Con el verde, el operador metió segunda y aceleró. El artista caminó por el pasillo hasta la última hilera de sillas y se acomodó para presentar su espectáculo.
Era bajito, moreno, muy pero muy flaco. Llevaba una gorra blanca percudida que le ocultaba la mirada. Una camisa de manga larga a cuadros a la que el sol había deshecho los colores azul, rojo y amarillo. No llevaba cinturón, sólo son una pequeña cangurera escurrida que parecía calcetín triste. Su pantalón era de mezclilla usada, sucia y calzaba botas negras con la punta raspada y la suela abierta, muy grandes para su talla. El hombre de más de 50 años de edad, que parecía un tasajo, estaba cubierto de polvo, como si alguien –Dios quizá- lo hubiera encontrado en algún lugar abandonado y lo hubiera arrojado a la calle.
Su guitarra –si era suya- no estaba en mejores condiciones que él: era áspera, como las que venden por las calles y que sirven para aprender a tocar o que nunca debutan y quedan colgadas en el clavo de alguna pared o de esas que puede uno llevar con la perrada y olvidarla en alguna esquina o despedazarla sin el menor arrepentimiento en la cabeza o en el hocico de algún enemigo en un pleito de borrachos; para acabarla de chingar tenía cuarteaduras y agujeros.
El hombre se recargó en la orilla de un asiento y acomodó el instrumento a su cuerpo.
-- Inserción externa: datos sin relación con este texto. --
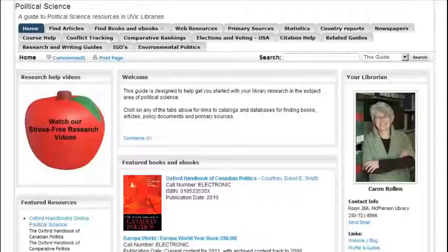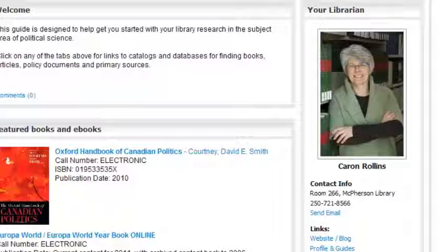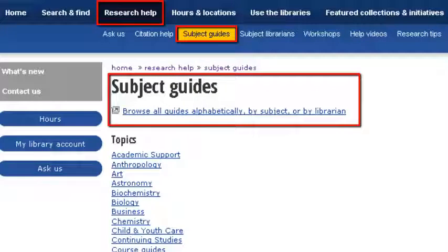First, visit the subject guide on your topic to see which databases and web resources are recommended for your research. Subject librarians are always updating their guides, and you can find their contact information and links to their blogs from the guide to help you keep in touch. To get to the guides, click on Research Help, Subject Guides, and then search by alphabetical order or by librarian.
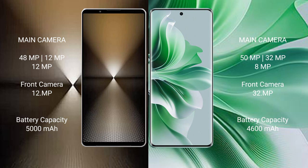The Sony Xperia 1 Mark 6 has a 5000mAh battery with 30W fast charging support. The OPPO Reno 11 Pro has a 4600mAh battery with 80W fast charging support.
Sin afinar, soltó los primeros acordes: el sonido, como la guitarra y como la voz de aquel individuo parecido a un ser humano era duro, lejano, viejo, polvoso y apagado.
–¡Ay, Dios mío, pobre hombre! –dijo una mujer y abrió su cartera para sacar algunas monedas.
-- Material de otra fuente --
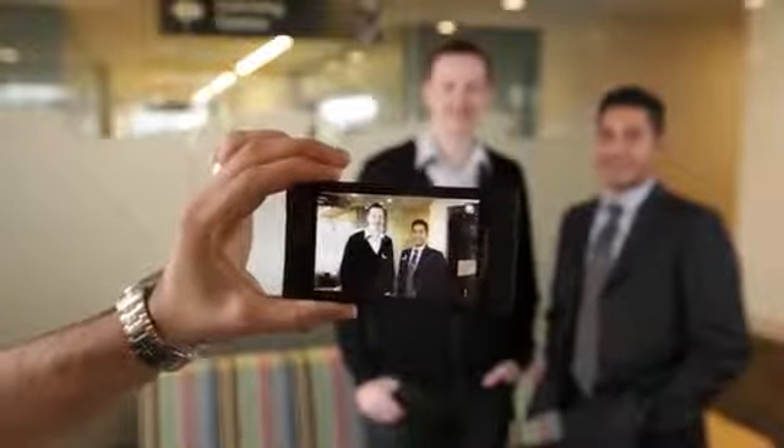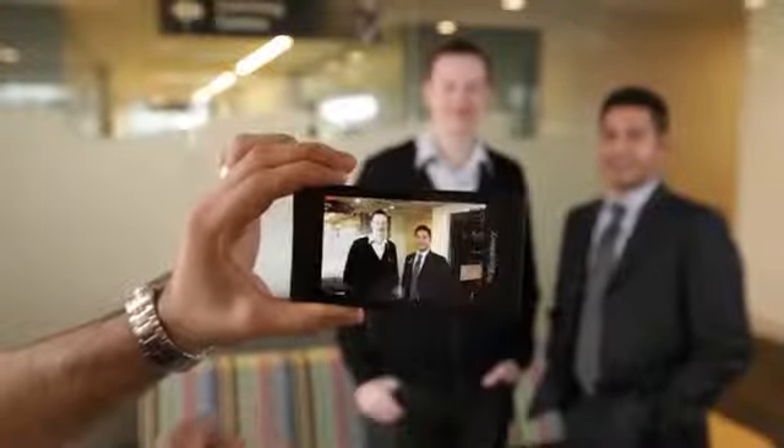With BlackBerry 10 we wanted to create an experience that really allows you to quickly and effectively capture life's special moments. We've got a great camera that allows you to take photos, full HD video, as well as a camera that solves some of the problems that you probably encounter every day when you use a camera to take pictures.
–“Me llaman el asesino porai/ y dicen me anda buscando la ley/ porque maté de manera legal/ la que burló mi querer” –cantó “El Asesino”, canción que popularizaran Los Cadetes de Linares; después siguió con “Prisionero de San Juan de Ulúa” y remató con “Las rejas no matan”: “Auroras que son puñaladas…”
Sobre la avenida Emiliano Zapata, a la altura de la Fiscalía General del Estado, el hombre terminó de cantar, bajó el instrumento, se subió la visera y expuso:
–Señores. Estar en la cárcel por muchos años es un sufrimiento muy grande que no le deseo a nadie. Yo ya pagué por mis culpas. Tiene tres días que salí del reclusorio y no encuentro trabajo. No quiero asaltarlos o robarles sus cosas porque no quiero volver a la cárcel, de veras. Por favor, ayúdenme con la moneda que les sobre; siquiera para comprarme unas tortillas y comer algo.
Algunos pasajeros comenzaron a buscar en sus bolsillos y carteras monedas pequeñas para darlas al músico, que estiraba una mano huesuda, venosa y de palma amarilla mientras agradecía en voz baja.
La cangurerita se llenó con el dinero del último pasajero y el músico se paró en el estribo de la puerta de acceso. El conductor le dio la parada en una esquina.
El hombre bajó con dificultad y desapareció con todo y guitarra, bañado por el humo del escape de la ruta.